Exercise — Look below for the line with "Ноутбук Asus Zenbook" and the line with "1. FreemasonRY and the Founding Fathers"; repeat exactly those two lines and all lines between them, but no pictures.

[Opening Supplied material section]

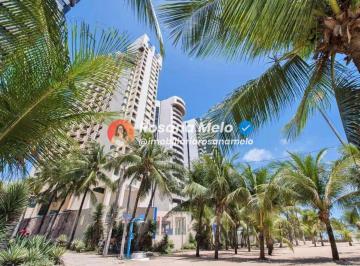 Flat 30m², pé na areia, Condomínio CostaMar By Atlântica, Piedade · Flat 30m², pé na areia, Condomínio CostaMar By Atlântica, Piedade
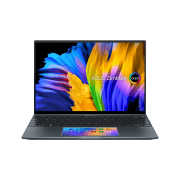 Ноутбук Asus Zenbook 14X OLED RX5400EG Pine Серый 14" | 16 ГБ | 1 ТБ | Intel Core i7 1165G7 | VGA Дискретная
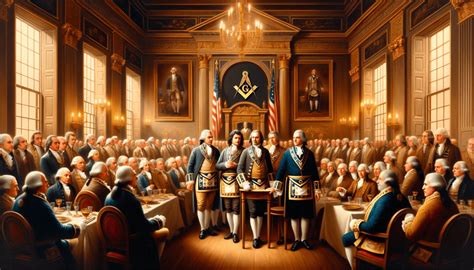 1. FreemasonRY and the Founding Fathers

[Closing Supplied material section]
[Opening Supplied material section]

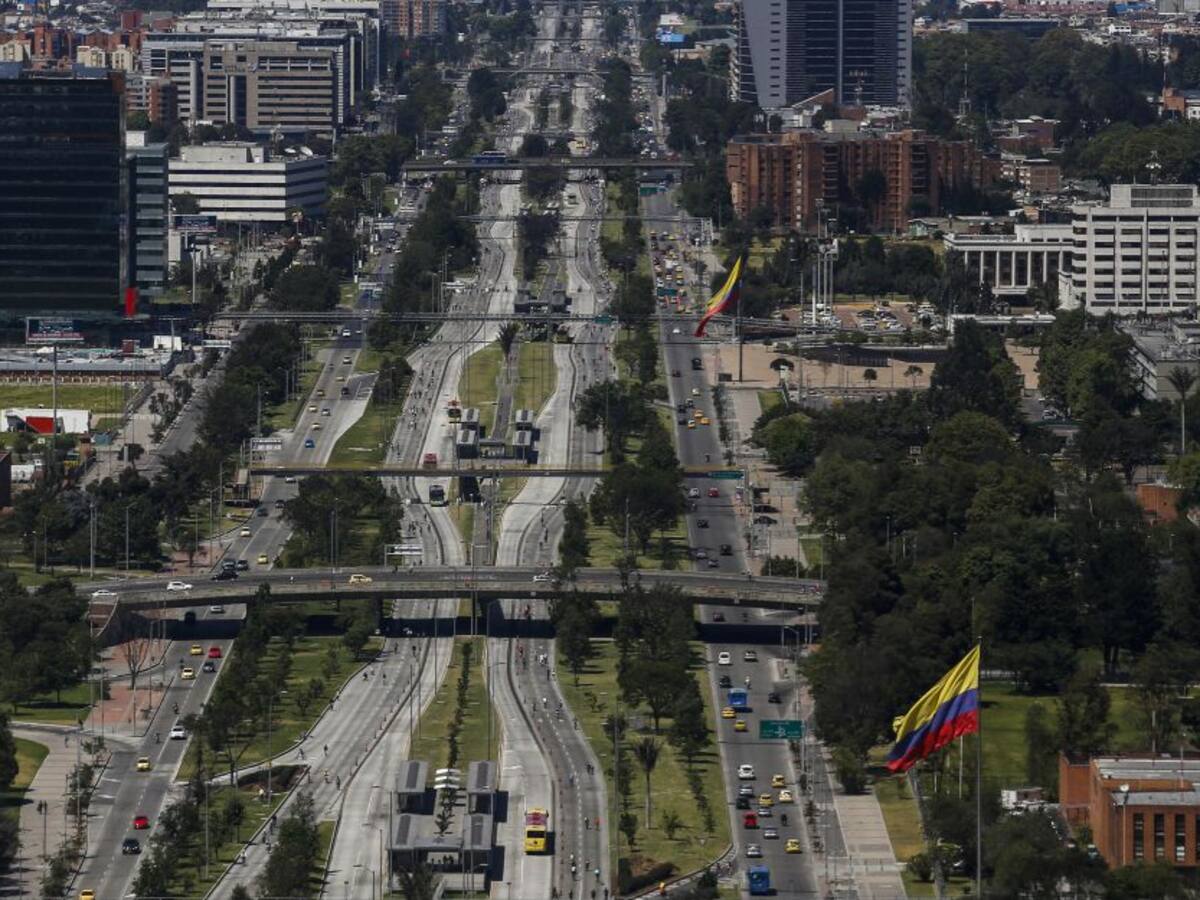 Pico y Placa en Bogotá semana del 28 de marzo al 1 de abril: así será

[Closing Supplied material section]

Written answer —
 Ноутбук Asus Zenbook 14X OLED RX5400EG Pine Серый 14" | 16 ГБ | 1 ТБ | Intel Core i7 1165G7 | VGA Дискретная
 1. FreemasonRY and the Founding Fathers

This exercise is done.